A healthy diet is essential to any chronic disease but especially in those where there is appetite loss, diarrhea and, sometimes, bad absorbing of food, factors that damage the assimilation of fluids, nutrients, vitamins and minerals.
Although the diet is not the cause of the diseases, it is true that mild food disturbs less that the spicy or fiber-rich ones when the condition is in action. Except for milk restriction in patients who present intolerance to lactosis, most gastroenterologists tend to be more flexible as for the diet of patients who have these diseases.
Although studies in people with Crohn's disease of the colon are not numerous or complete, many researchers believe that the risk of cancer in these patients is lower than in ulcerative colitis, although higher than in the general population. In both cases (ulcerative colitis and Crohn's disease), cancer risk seems to be associated with long-term illness that affects the colon in its entirety. Cancer of the small intestine is extremely rare in the general population. Despite the risk of its occurrence in cases of long duration of Crohn's disease, the number of cases is too small.
15) Can people with IBD develop cancer?
It is important to know that colon and rectum cancer are both frequent in the general population. Studies have shown that people who have had Ulcerative Colitis that affected all the colon and for periods of time not shorter than 8 to 10 years run a significant risk to develop cancer. People with Ulcerative Proctitis do not seem to have an increased risk of having cancer.

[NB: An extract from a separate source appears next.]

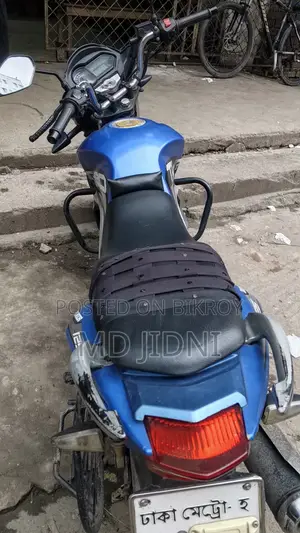 রানার টার্বো ১২৫ ২০২২ নীল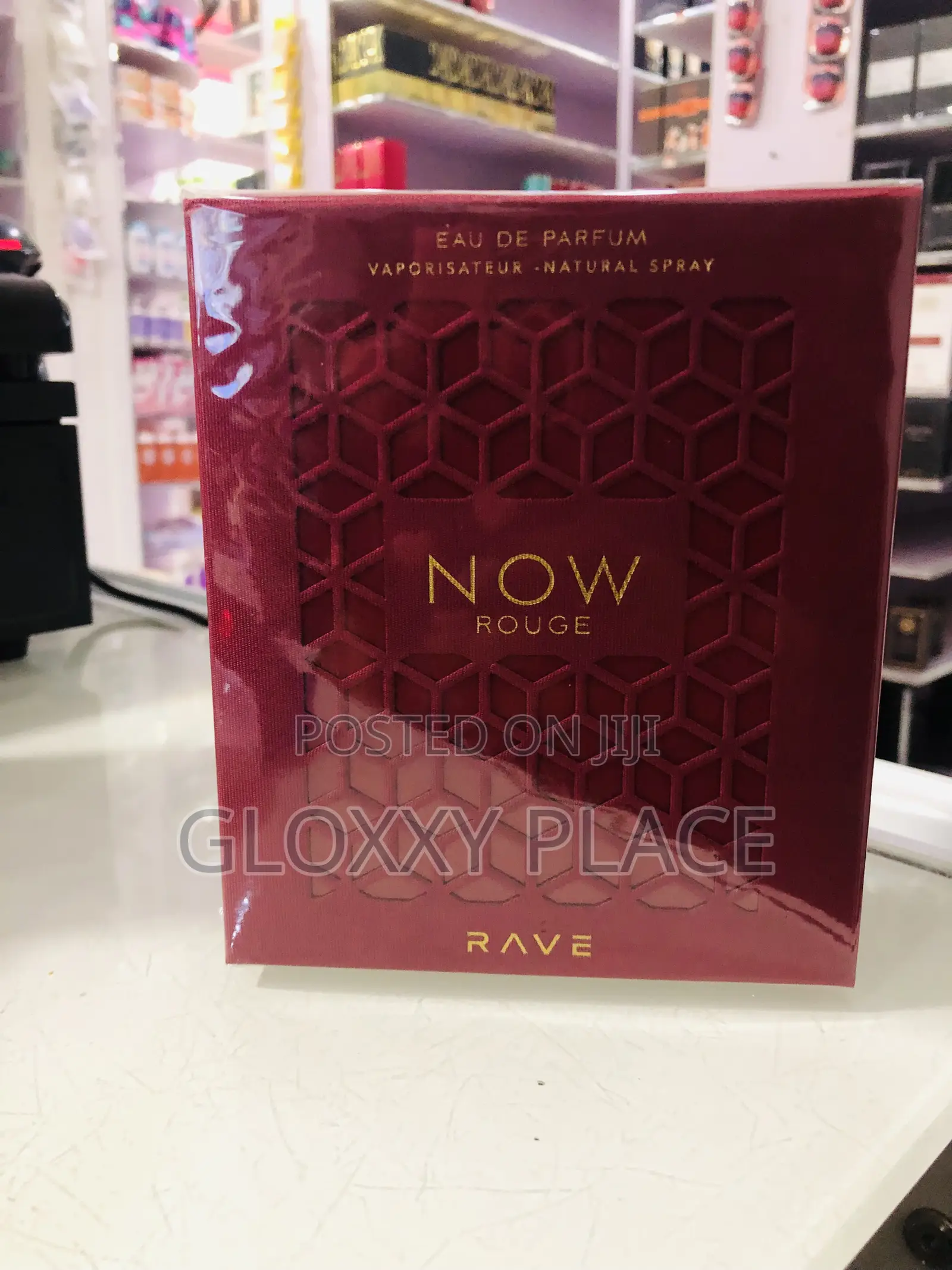 Now Perfume (Red)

Although studies on people with Crohn’s Disease are not complete nor many, several researchers believe that the risk of cancer in those patients is lower than to those with Ulcerative Colitis, although higher than to the population as a whole. In both cases (Ulcerative Colitis and Crohn’s Disease), the risk of cancer seems to be associated to a long term disease that affects the colon as a whole. Besides the risk of its appearance in long term cases of Crohn’s, the number of cases is very small.
16) What should be done to diagnose the cancer of colon?
Even when the disease is not active it is convenient to perform one opaque enema and or colonoscopy in regular intervals of 1 or 2 years.
During colonoscopy, small fragments of the mucose should be removed to be examined by a pathologist (biopsy). This procedure will help to detect microscopic alterations in the structure of the cells which are believed to be pre-maligned (“epithelial dysplasia”).
In the case of an important epithelial dysplasia there is a strong possibility of cancer in some portions of the colon and this is why, in those cases, most doctors prescribe proctocolectomy.
17) Is it possible to lead a normal life and have IBD?
Although they are chronic diseases, the IBDs are not considered fatal diseases. Almost all patients lead a useful and productive life, while sometimes they might need hospitalization during those periods of high activity of the disease. However, in-between those periods of time, when the condition is in its worst, most patients feel well and become reasonably free of symptoms, leading a very normal life.